── Information supplied ──

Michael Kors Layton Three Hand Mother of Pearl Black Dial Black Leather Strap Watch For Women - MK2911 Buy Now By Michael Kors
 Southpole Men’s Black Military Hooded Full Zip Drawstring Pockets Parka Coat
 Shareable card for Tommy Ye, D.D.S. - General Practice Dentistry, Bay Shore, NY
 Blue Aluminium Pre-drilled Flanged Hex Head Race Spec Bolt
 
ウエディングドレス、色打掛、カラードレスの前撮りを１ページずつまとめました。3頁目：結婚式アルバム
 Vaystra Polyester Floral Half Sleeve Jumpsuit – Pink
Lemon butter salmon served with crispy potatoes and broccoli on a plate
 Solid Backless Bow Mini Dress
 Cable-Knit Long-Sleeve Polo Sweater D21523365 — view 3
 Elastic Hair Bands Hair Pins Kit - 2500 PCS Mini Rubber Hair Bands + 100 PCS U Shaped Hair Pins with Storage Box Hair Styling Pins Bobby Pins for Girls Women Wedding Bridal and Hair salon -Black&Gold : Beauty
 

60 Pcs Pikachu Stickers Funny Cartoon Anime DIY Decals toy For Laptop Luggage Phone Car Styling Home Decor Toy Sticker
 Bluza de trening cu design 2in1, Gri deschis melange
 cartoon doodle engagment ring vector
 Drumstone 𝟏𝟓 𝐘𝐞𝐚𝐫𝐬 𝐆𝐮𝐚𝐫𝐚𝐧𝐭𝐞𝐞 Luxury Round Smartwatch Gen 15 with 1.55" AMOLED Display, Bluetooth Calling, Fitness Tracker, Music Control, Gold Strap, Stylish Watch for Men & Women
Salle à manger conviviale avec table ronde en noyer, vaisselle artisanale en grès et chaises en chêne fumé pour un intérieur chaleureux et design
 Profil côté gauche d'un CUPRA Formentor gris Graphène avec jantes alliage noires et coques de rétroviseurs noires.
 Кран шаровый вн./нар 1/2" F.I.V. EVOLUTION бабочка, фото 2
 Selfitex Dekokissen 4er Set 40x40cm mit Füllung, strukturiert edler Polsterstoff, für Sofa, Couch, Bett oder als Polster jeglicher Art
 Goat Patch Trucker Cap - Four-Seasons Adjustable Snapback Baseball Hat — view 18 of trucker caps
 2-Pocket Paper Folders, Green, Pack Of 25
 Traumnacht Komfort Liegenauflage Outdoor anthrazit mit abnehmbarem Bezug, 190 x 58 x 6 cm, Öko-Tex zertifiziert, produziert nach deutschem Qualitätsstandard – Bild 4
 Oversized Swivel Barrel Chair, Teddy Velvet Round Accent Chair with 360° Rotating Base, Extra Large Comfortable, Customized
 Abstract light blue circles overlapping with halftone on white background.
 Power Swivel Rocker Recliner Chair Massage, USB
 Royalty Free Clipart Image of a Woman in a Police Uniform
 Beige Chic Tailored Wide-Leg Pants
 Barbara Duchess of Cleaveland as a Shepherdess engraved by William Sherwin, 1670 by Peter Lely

───

Exercise description:
For the entries above, please state how many lines contain the string "view"; give the number and nothing else.

Exercise result:
2